Start of Data

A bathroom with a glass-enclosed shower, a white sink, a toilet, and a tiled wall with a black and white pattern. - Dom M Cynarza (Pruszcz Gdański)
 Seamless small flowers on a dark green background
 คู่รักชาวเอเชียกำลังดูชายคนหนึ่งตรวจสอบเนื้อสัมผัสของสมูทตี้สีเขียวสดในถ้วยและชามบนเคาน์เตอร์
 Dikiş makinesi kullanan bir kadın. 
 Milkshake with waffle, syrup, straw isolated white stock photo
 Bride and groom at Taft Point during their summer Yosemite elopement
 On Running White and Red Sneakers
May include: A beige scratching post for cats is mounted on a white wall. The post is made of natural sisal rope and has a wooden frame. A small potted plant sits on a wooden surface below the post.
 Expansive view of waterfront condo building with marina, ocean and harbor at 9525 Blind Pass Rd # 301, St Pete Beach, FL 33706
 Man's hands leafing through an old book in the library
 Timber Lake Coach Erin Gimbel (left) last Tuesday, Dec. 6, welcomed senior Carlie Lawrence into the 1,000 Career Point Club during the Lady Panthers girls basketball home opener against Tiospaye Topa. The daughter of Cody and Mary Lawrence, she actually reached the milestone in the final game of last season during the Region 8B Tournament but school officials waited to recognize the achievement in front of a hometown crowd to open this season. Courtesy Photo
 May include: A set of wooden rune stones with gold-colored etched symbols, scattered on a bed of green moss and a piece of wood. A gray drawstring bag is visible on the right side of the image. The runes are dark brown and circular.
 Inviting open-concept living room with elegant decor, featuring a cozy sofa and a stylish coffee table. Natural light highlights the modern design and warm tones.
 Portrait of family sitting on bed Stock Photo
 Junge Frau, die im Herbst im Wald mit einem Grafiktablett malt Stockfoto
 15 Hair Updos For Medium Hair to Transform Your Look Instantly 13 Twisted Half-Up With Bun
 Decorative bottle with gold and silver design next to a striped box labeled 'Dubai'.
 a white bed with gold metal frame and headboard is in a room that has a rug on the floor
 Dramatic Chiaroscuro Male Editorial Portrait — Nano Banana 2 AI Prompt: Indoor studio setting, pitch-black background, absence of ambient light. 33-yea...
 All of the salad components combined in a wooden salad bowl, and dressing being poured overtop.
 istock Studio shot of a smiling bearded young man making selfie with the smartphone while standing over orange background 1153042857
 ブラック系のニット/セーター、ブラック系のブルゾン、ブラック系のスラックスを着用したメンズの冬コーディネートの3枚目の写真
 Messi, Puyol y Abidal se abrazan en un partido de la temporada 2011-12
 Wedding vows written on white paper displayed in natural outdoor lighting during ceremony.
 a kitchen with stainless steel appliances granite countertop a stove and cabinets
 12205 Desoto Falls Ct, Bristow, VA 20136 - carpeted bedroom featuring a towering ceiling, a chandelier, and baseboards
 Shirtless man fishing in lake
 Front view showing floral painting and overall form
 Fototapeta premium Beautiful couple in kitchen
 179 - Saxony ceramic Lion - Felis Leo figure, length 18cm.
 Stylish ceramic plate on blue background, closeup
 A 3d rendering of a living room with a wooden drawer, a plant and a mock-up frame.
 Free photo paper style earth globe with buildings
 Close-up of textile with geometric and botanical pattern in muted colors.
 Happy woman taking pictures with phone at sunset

End of Data

What you should do:
In the entries above, find the line holding "On Running White and Red Sneakers" and the line holding "Man's hands leafing"; print both of them and every line between, exactly, and nothing else.

Solution:
 On Running White and Red Sneakers
May include: A beige scratching post for cats is mounted on a white wall. The post is made of natural sisal rope and has a wooden frame. A small potted plant sits on a wooden surface below the post.
 Expansive view of waterfront condo building with marina, ocean and harbor at 9525 Blind Pass Rd # 301, St Pete Beach, FL 33706
 Man's hands leafing through an old book in the library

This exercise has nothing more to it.